----- Extracted material

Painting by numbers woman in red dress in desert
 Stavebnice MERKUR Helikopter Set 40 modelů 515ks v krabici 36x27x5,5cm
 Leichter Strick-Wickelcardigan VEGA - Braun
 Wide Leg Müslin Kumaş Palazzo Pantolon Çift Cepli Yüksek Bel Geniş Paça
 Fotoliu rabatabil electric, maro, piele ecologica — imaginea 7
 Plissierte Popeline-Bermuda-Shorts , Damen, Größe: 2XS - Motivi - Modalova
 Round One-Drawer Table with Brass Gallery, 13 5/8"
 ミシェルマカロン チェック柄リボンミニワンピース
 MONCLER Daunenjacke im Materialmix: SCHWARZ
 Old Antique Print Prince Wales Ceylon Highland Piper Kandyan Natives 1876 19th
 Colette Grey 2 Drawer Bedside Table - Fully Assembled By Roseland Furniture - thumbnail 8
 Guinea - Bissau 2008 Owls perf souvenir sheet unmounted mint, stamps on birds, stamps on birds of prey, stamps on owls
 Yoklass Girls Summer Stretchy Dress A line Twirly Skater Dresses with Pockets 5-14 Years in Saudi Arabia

----------

Exercise directions:
Where a line of the records has the string "Drawer", copy that line.

Result of this task:
 Round One-Drawer Table with Brass Gallery, 13 5/8"
 Colette Grey 2 Drawer Bedside Table - Fully Assembled By Roseland Furniture - thumbnail 8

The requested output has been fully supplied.